» **Entries shown**:
——————————

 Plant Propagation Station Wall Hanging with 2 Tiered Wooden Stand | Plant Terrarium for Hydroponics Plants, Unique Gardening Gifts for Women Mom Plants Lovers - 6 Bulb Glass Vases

——————————

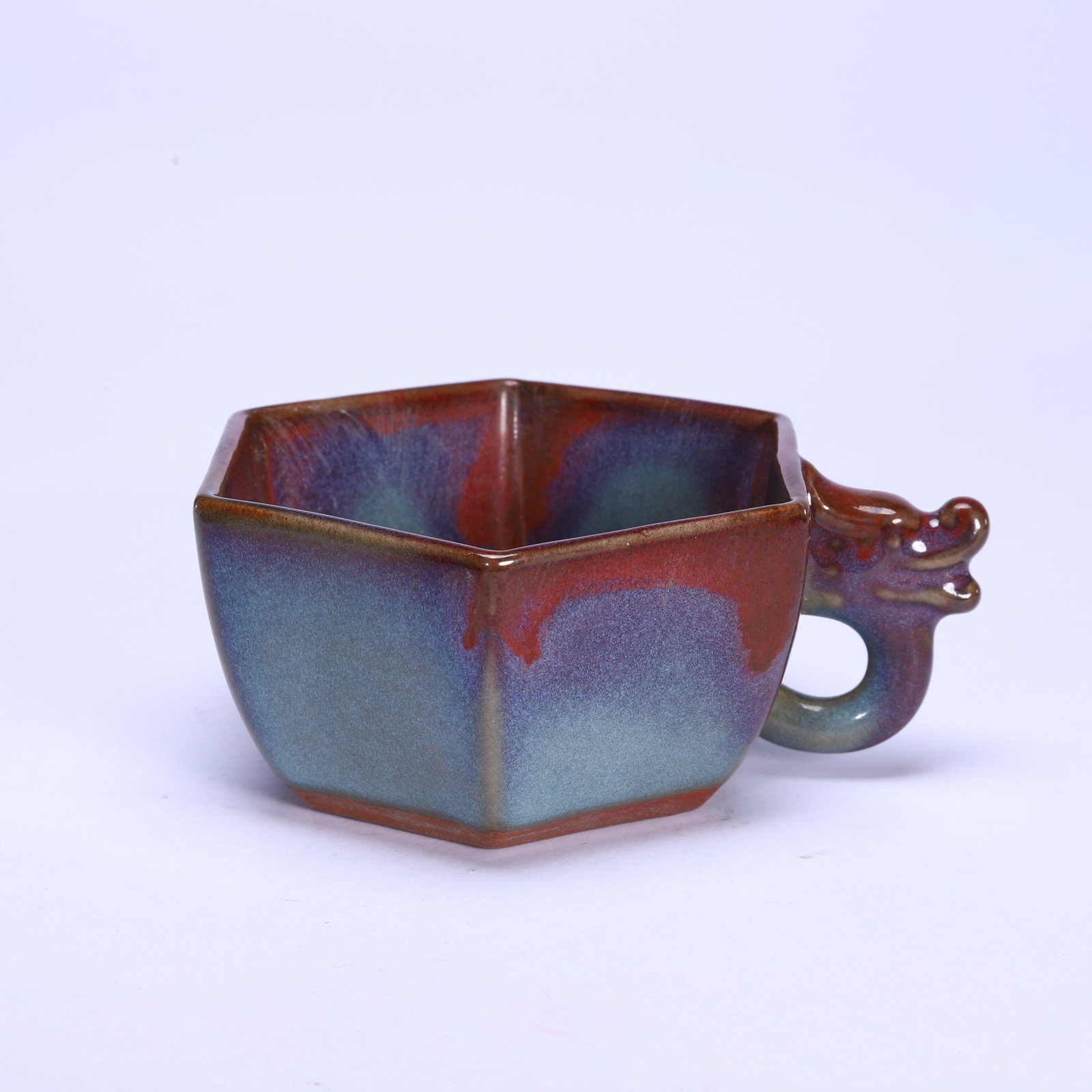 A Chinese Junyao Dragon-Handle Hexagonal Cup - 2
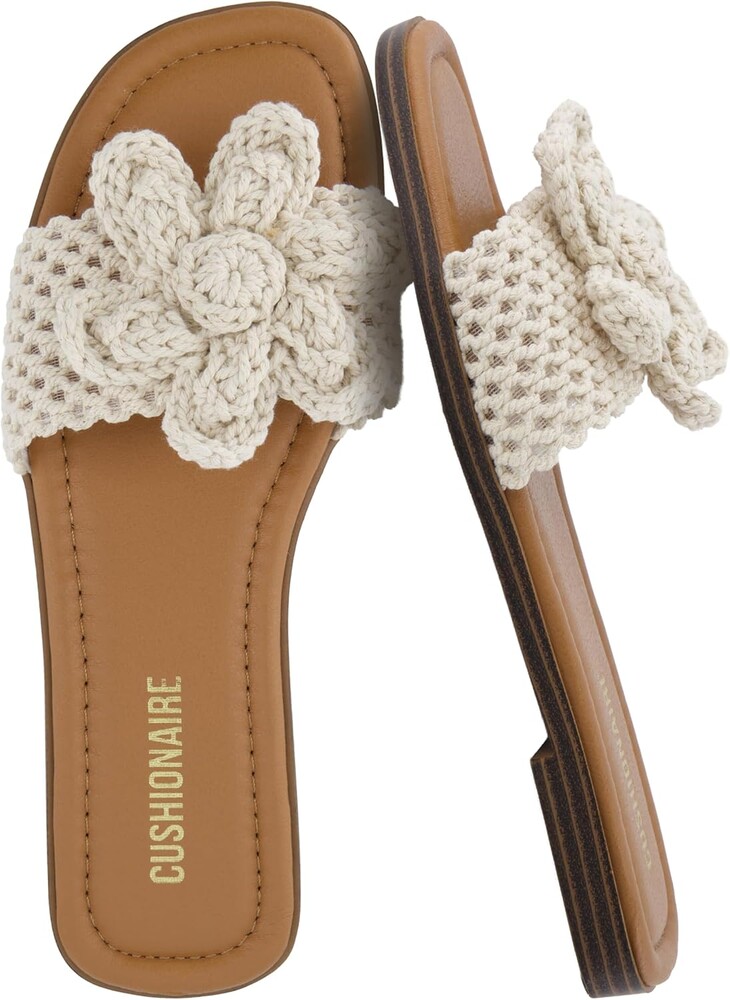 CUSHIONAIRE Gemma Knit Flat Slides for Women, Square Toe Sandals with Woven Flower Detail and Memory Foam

——————————

» **Description of the task**: Only one stretch of the listing is wanted: the lines starting at the one with "A Chinese Junyao" and ending at the one with "CUSHIONAIRE Gemma Knit", copied exactly and free of pictures.

» **Response area**:
 A Chinese Junyao Dragon-Handle Hexagonal Cup - 2
 CUSHIONAIRE Gemma Knit Flat Slides for Women, Square Toe Sandals with Woven Flower Detail and Memory Foam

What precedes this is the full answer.